Spycraft - Melton [191]
While that portion of Jameson’s report was ignored, other pieces of a U.S.-proposed counterterrorism program began falling into place. The general understood the vulnerability presented by the example of the unidentified automobile parked near his office and a few weeks later a commercial airplane with its windows covered with blackout paper landed at a covert CIA training site. The passengers were members of a special counterterrorism and VIP-protection team sent by the general for a month of intense training by OTS specialists. As the team disembarked, Jameson personally greeted each one. Now having proved himself a friend of the country, he began having regular meetings with the general to offer advice and planning assistance.
In the mid-1970s, after completing one of his now frequent meetings with the general, Jameson headed home. During a stopover, as he approached the boarding gate to catch a connecting flight, he was surprised to see another CIA officer waiting for him. The general was demanding that Jameson return immediately. The country’s leader had been assassinated.
“Let me guess. He was holding an audience, the people were standing in line and he was sitting there talking to one of them and they shot him in the head,” Jameson said.

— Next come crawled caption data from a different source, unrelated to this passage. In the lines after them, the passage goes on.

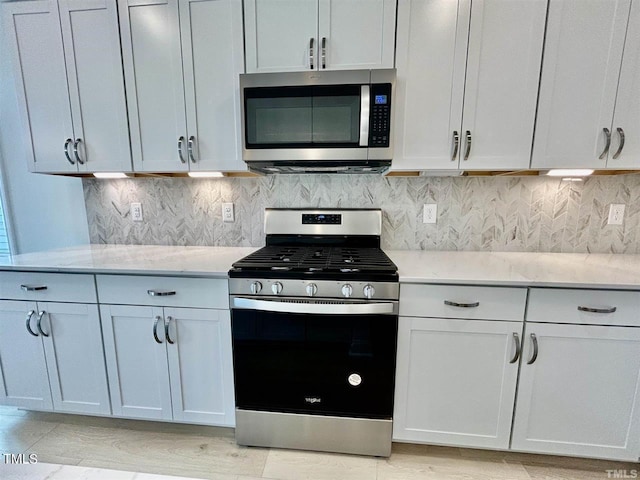 kitchen with stainless steel appliances, tasteful backsplash, and light stone countertops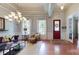 Bright living room with trey ceilings, large windows, and stylish furniture at 8605 Soaring Eagle Ln, Waxhaw, NC 28173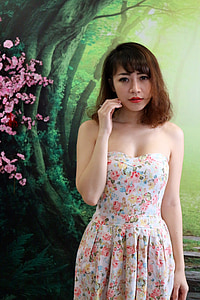 woman wearing white and multicolored floral strapless dress while standing near green tree wall painting thumbnail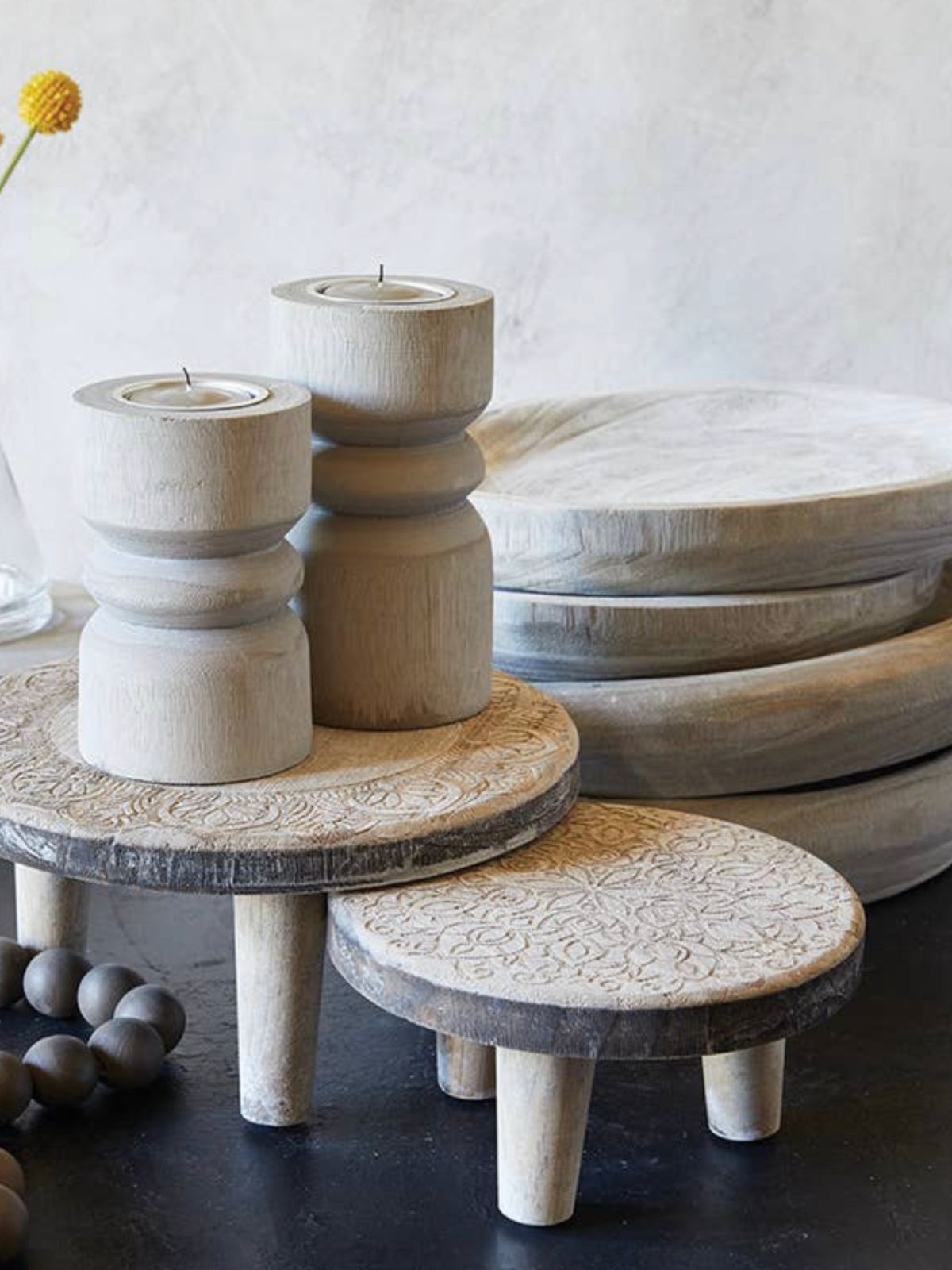 This beautiful riser adds an elegant charm to your decor. Perfect for style while showing its decorative flair. Made from paulownia wood and with a unique etched design.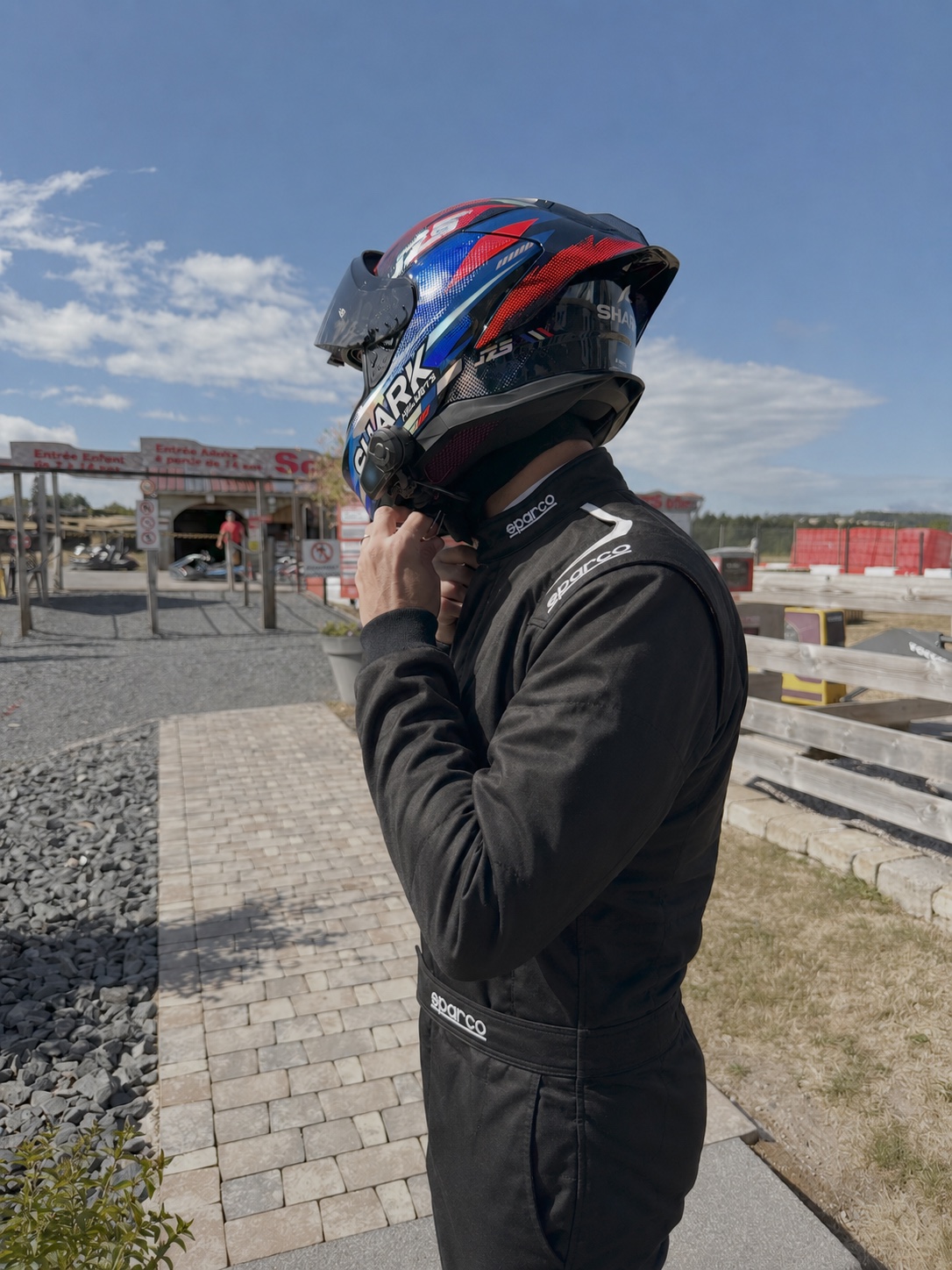 Pilote en combinaison Sparco ajustant son casque avant de rejoindre la piste, circuit de karting outdoor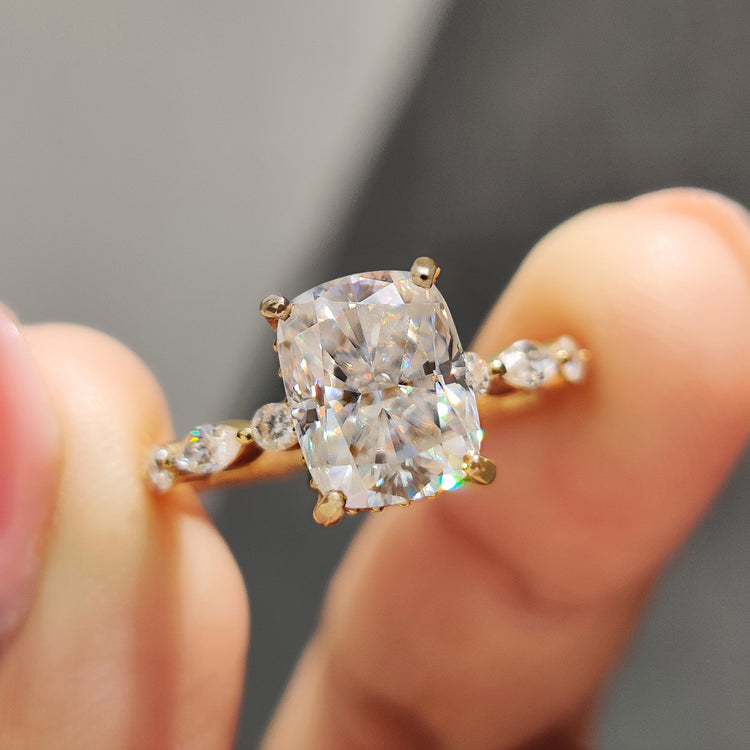 Cushion cut engagement ring with hidden halo setting and crushed ice moissanite center.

“How do you know that?” the colleague asked, taken back by the specific details.
“I told the general six months ago that could happen. I didn’t have a premonition. But I saw how the petitioners approached and how he was unprotected from his inner circle, the risk was obvious.”
“You were right. The assassin was a relative.”
Jameson knew he was in a delicate situation. Not only had the assassination occurred uncomfortably soon after his report, but he had just departed the country hours before the shooting. If the general believed he was somehow implicated in the murder, Jameson could be arrested the instant he stepped off the plane. On the other hand, if Jameson didn’t honor the request to return, they might assume that he, along with the CIA, was guilty of something.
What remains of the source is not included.